St Louis Blues have lost a man or two, with Ryan Miller going to free agency and Vladimir Sobotka going to Russia despite promising talks of staying with the NHL. This was also a mess since Sobotka was a restricted free agent, but instead of spinning his wheels, GM Doug Armstrong carried on with signing Steve Ott as a stopgap and then focused on the fact that he got the prime signing of the offseason: Paul Stastny. Stastny, who grew up St. Louis, took a bit of a hometown discount (at 4 years/$28M, that’s a scary “discount,” but then again….), but his desire to be a blue note will make the team stronger without a doubt.
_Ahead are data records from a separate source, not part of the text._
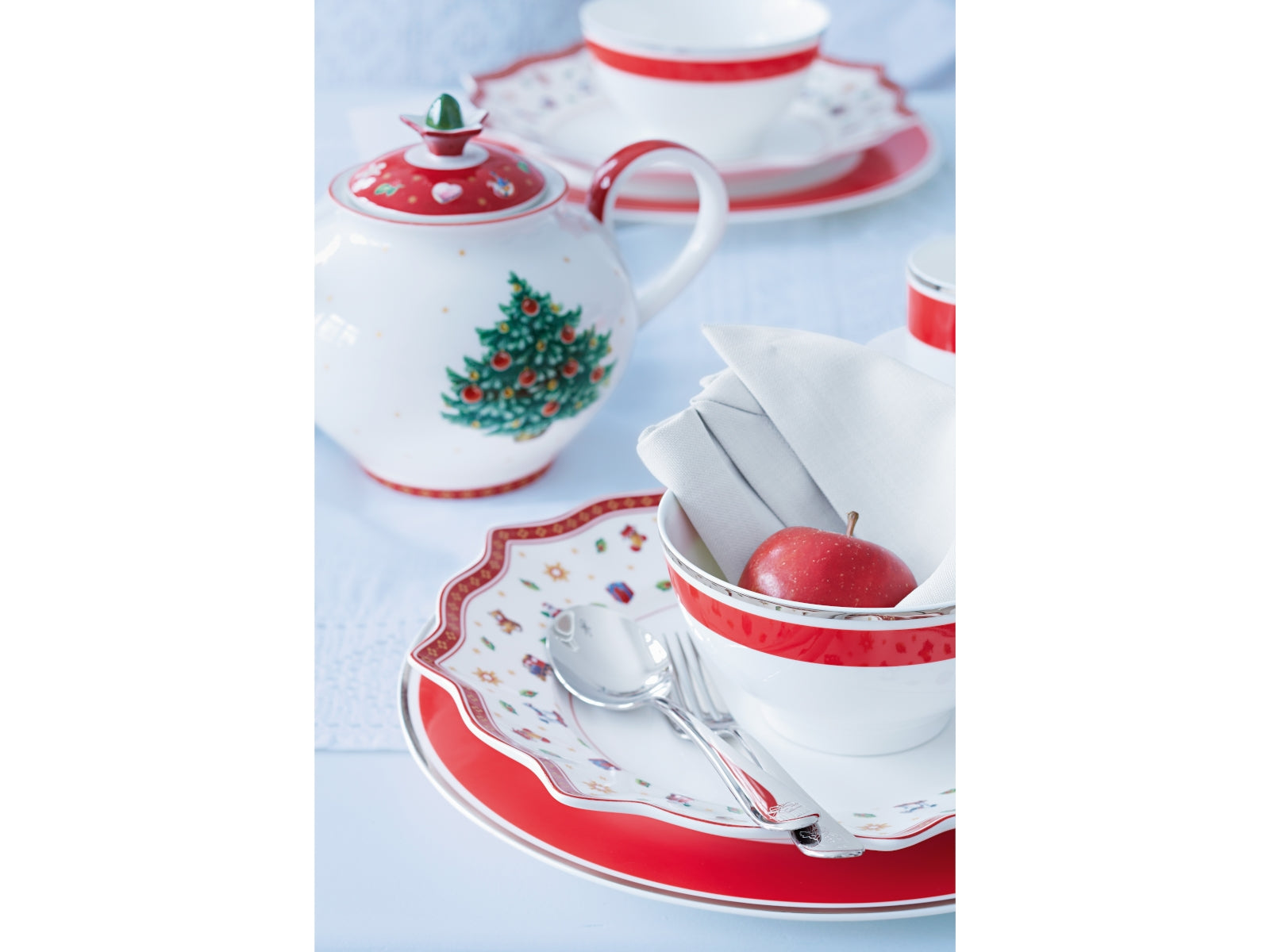 Villeroy & Boch Toy's Delight Kanne mit Deckel 1,5 l Lifestyle 3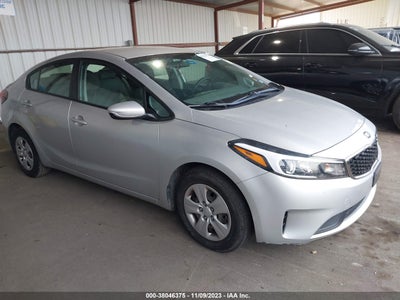 Kia Forte 2018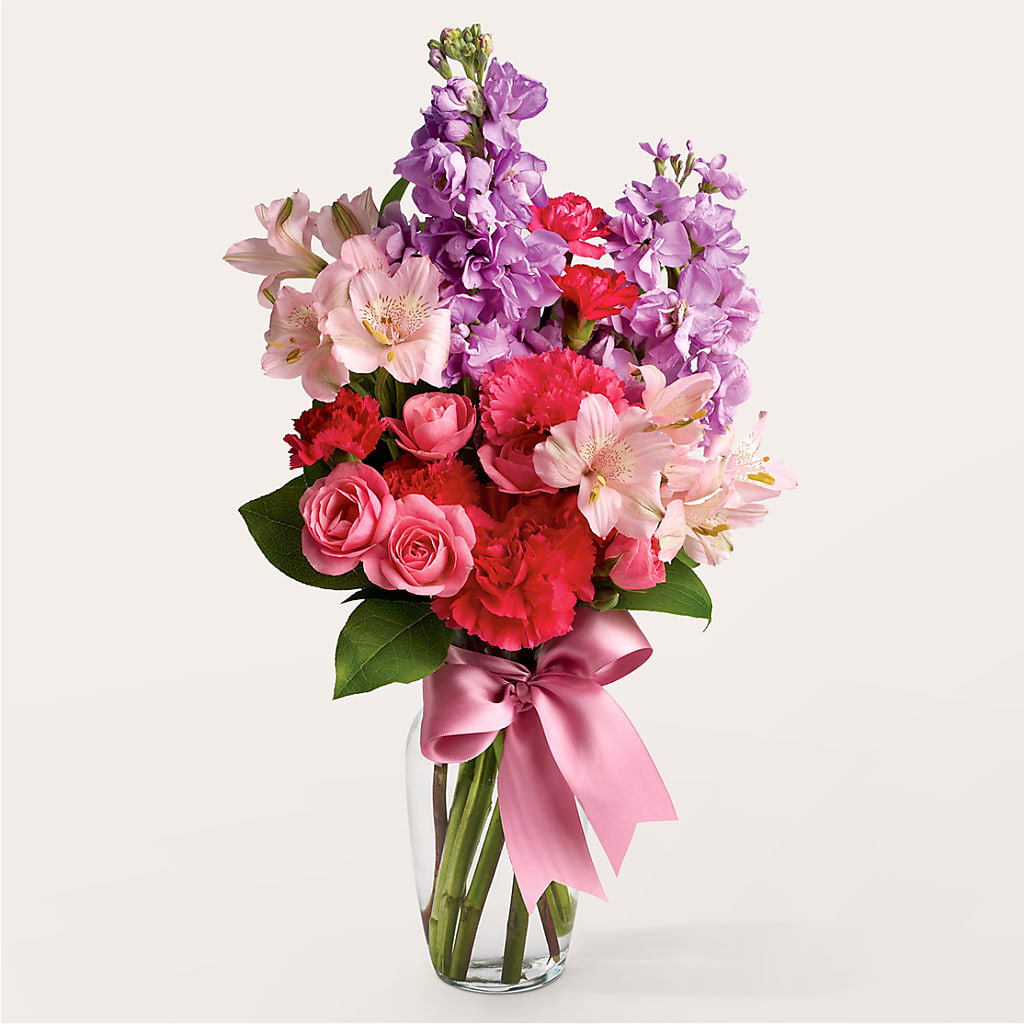 Main Character Bouquet – Acme Floral #0014, Akron OH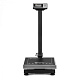 Весы фасовочные напольные M-ER 334 ACFLP-300.50/100 LCD MERTECH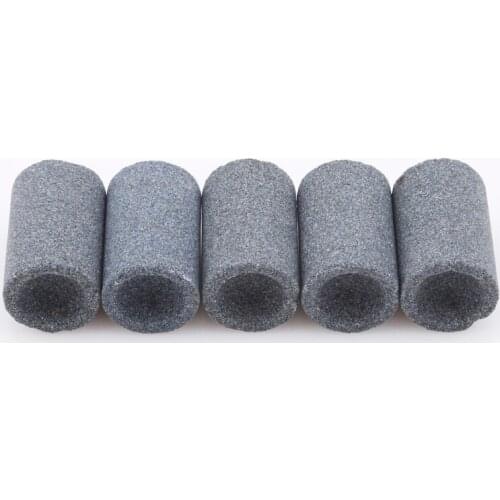 5pcs/pack Emery Professional Darts Sharpener For Steel Tip Darts Steel Sharpening Stone Dart Accessories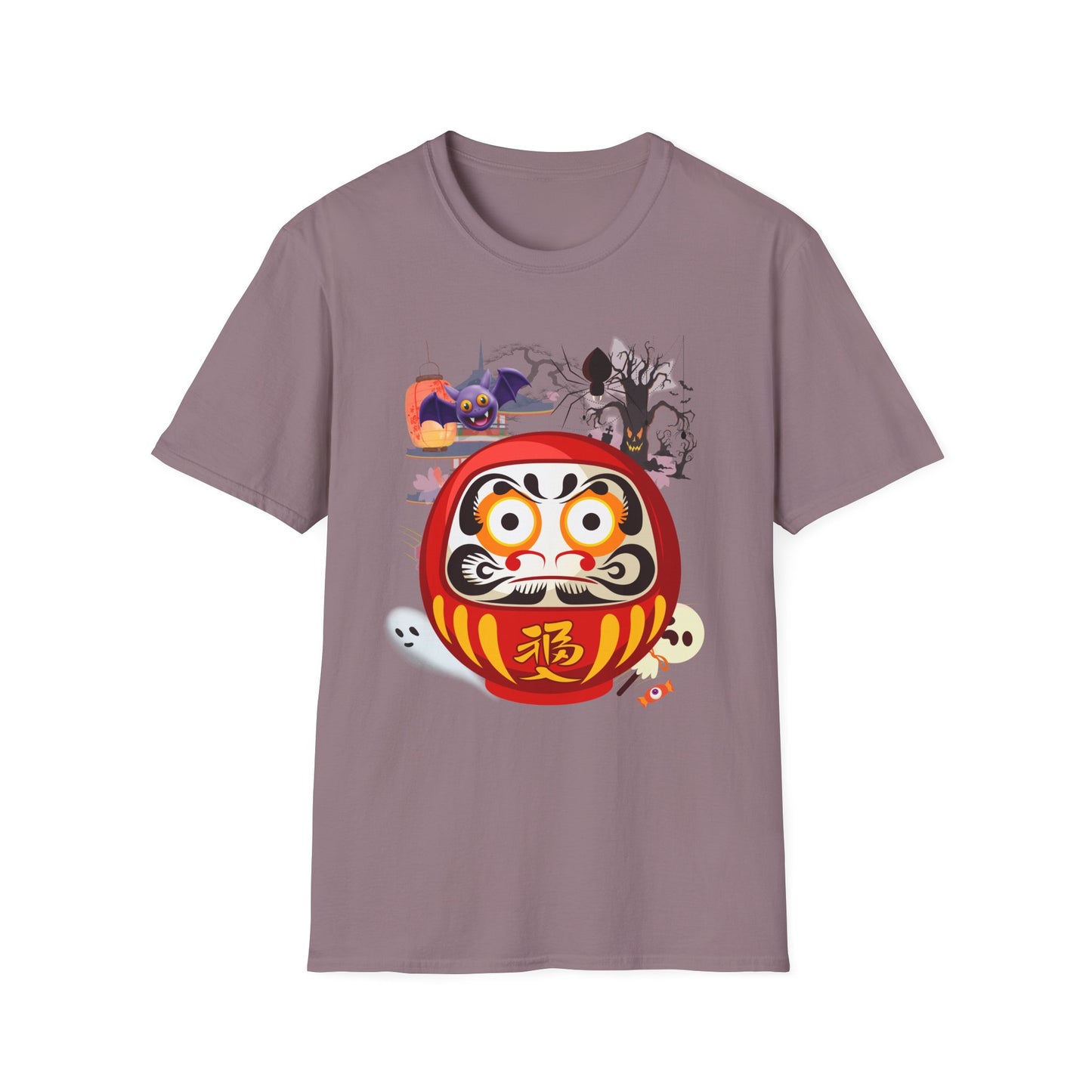 Daruma Spirit - Halloween Tee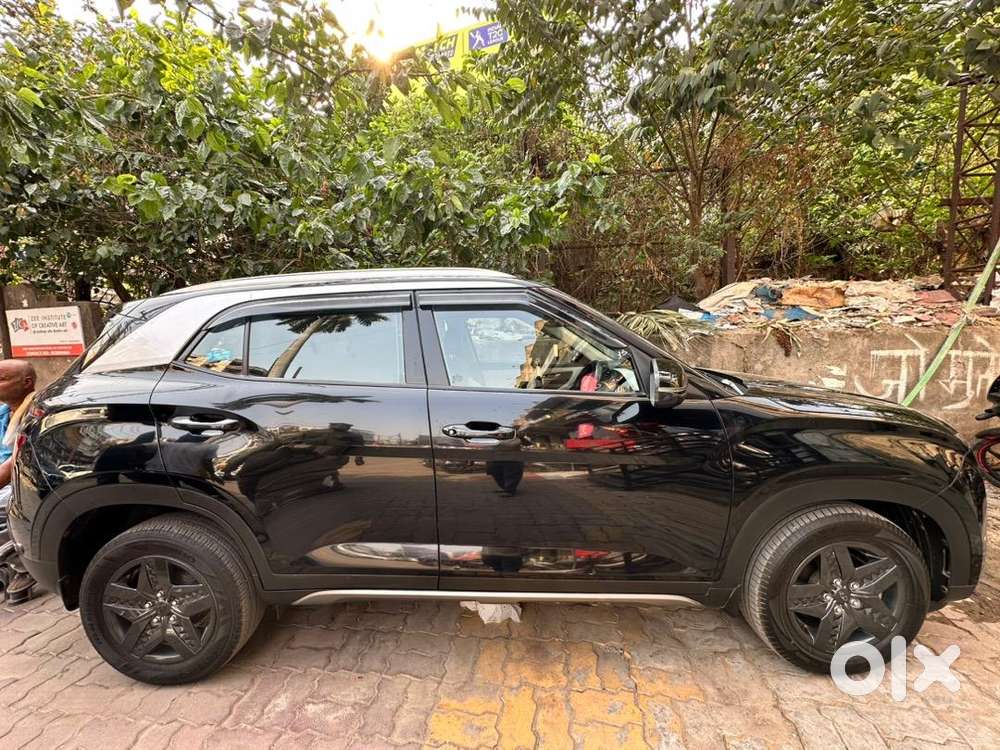 Hyundai Creta 2021 Petrol Well Maintained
Speaking of “how is $7M a discount,” we move on to the Chicago Blackhawks, who didn’t seem to think they had to make many changes at all other than to lock down their captain and an alternate in Jonathan Toews and Patrick Kane. The pair received identical 8 year/$84M contracts. I’m not going to break this down with a year-by-year cap hit since, holy crap. For those math wizards out there, that’s $10.5M a year. Both are incredibly talented and proven winners, but contracts like that pose questions: what happens when it comes time to re-sign Patrick Sharp or Brent Seabrook? Why does everyone on that team have a NMC? Where the heck are they finding this money? Other than those contracts, the Hawks signed our good friend Brad Richards for a year, which I believe will be a great fit; a great team, sure, but I wouldn’t want to be a fan in a couple of years in the case of an injury…
A team that’s been making several moves is the Minnesota Wild, but of these numerous moves have many had an impact? For example, they signed former Sabre/Islander/Canadien forward Thomas Vanek, who made a name for himself by being useless during the playoffs, but they also signed defenseman Stu Bickel who famously played 3:24 in the triple overtime game against the Washington Capitals. The team has a chance to get better, but they lost forwards Matt Moulson and Dany Heatley, so I would say they’re staying about the same.